◆ **INSTRUCTIONS TO FOLLOW**
Ignoring pictures, transcribe exactly the lines between the one containing "StarTech.com 1.8m /" and the end of the material, both included.
(Beginning of RECORDS)
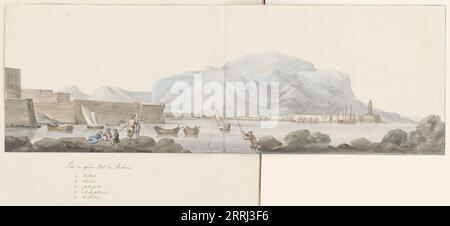Vue sur le grand port de Palerme, 1778. Tiré de l'album 'Voyage en Italie, Sicile et Malte'. Banque D'Images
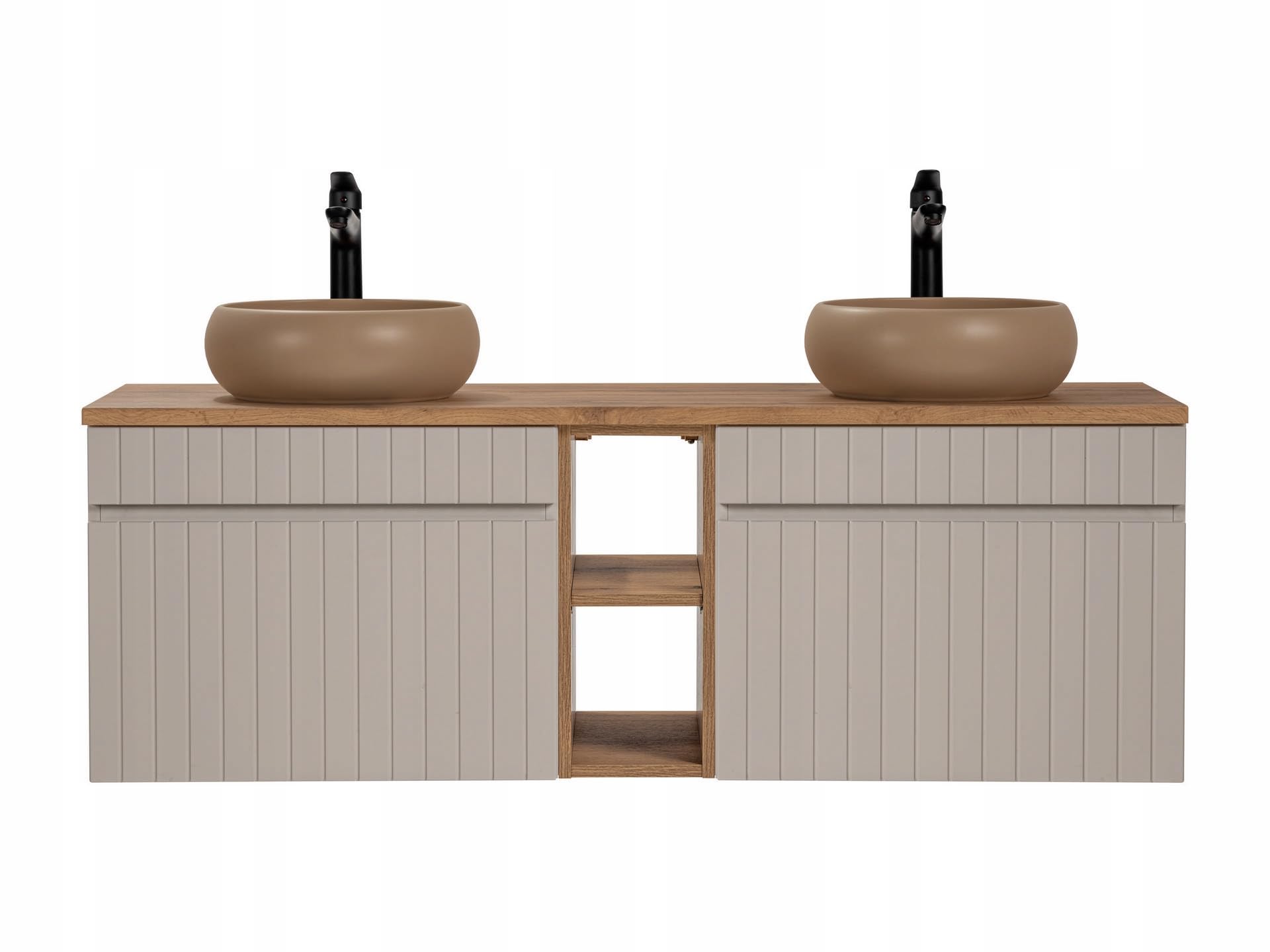 Armadietto da bagno a parete con lavabo da appoggio e 2 cassetti, in cashmere, 140 cm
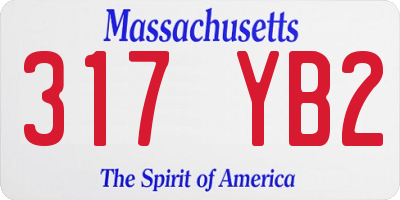 MA license plate 317YB2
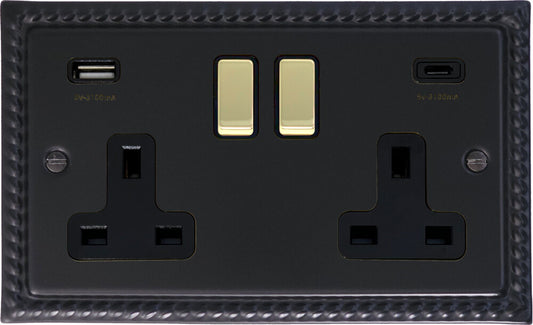 Georgian Flat Black 2 Gang USBC Socket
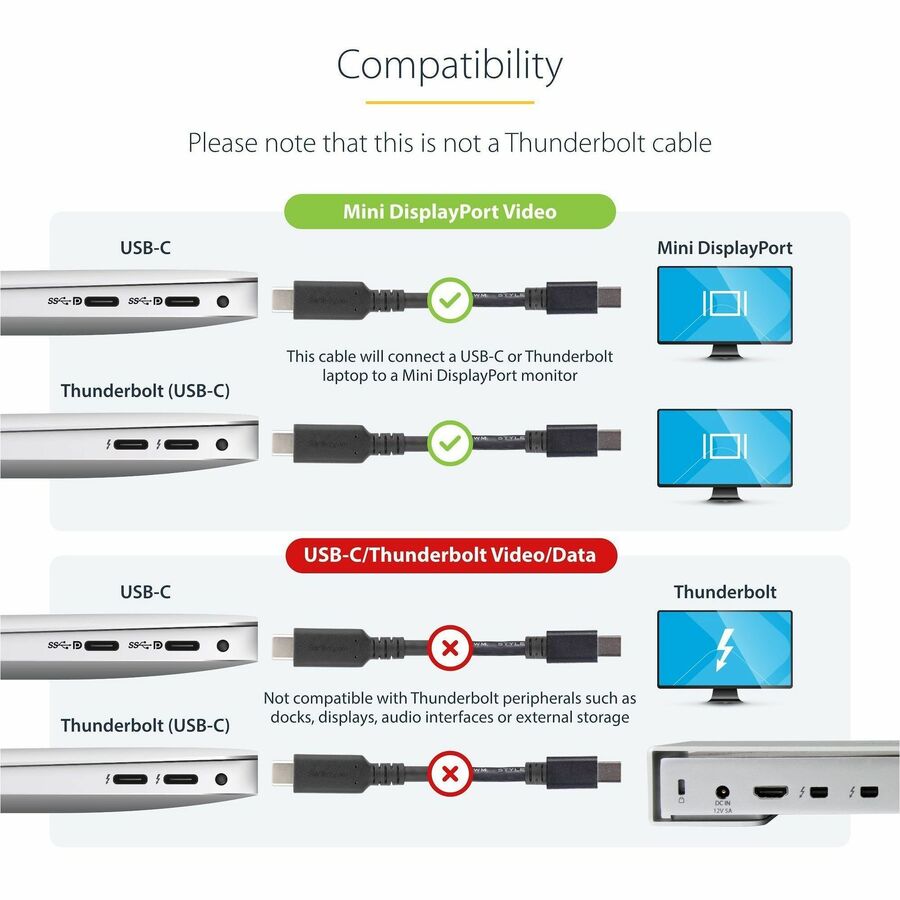 StarTech.com 1.8m / 6 ft USB-C to Mini DisplayPort Cable-USB C to mDP Cable-4K 60Hz-Black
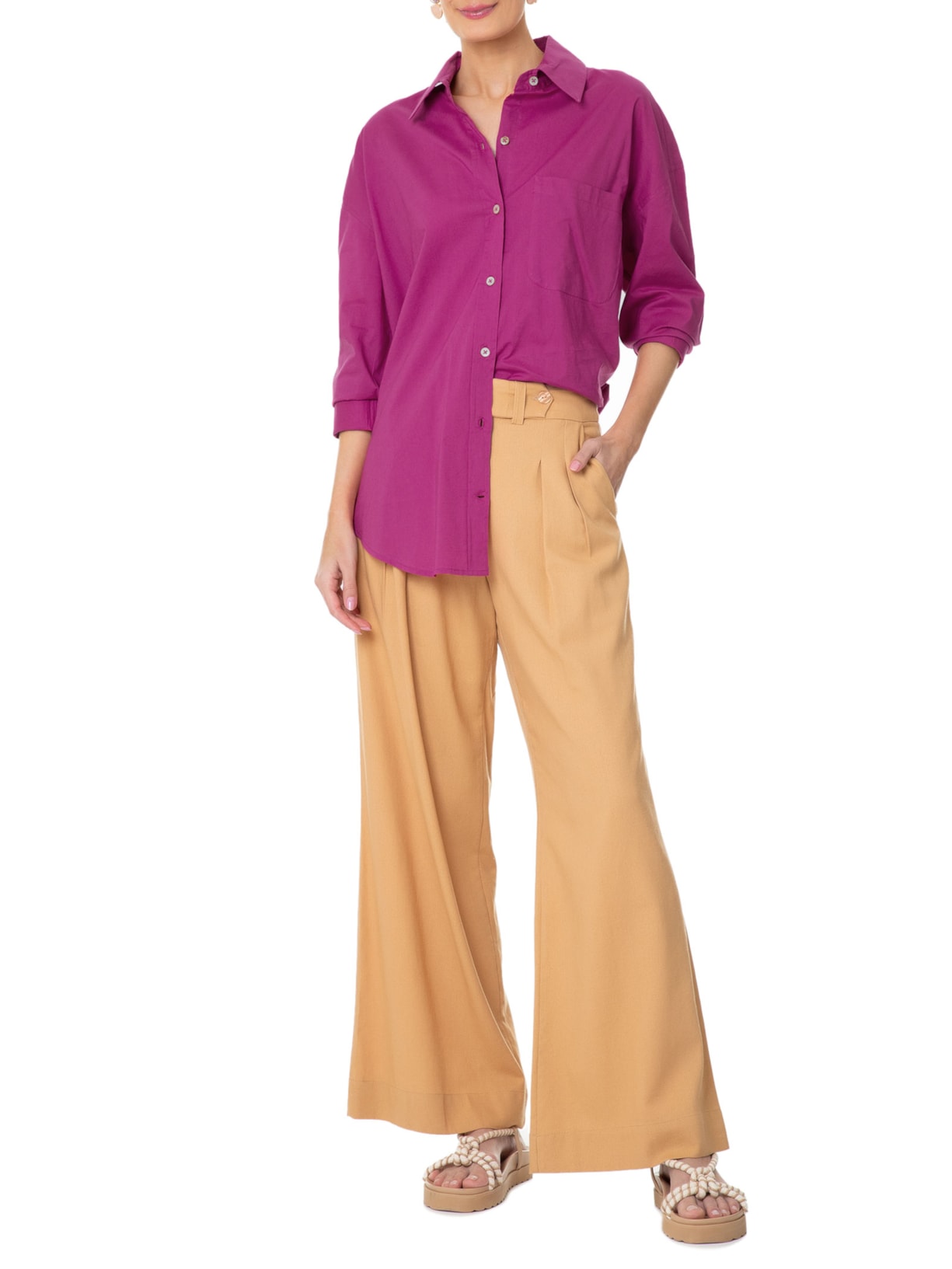 Camisa Feminina Longa Bolso Rosa Farm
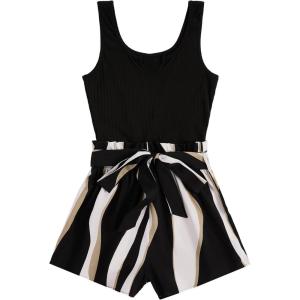 imageSOLY HUX Womens Summer Sleeveless Belted Tank Romper Short JumpsuitBlack and White Stripe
(End of RECORDS)
◆ **EXERCISE RESPONSE**
 StarTech.com 1.8m / 6 ft USB-C to Mini DisplayPort Cable-USB C to mDP Cable-4K 60Hz-Black
 Camisa Feminina Longa Bolso Rosa Farm
 imageSOLY HUX Womens Summer Sleeveless Belted Tank Romper Short JumpsuitBlack and White Stripe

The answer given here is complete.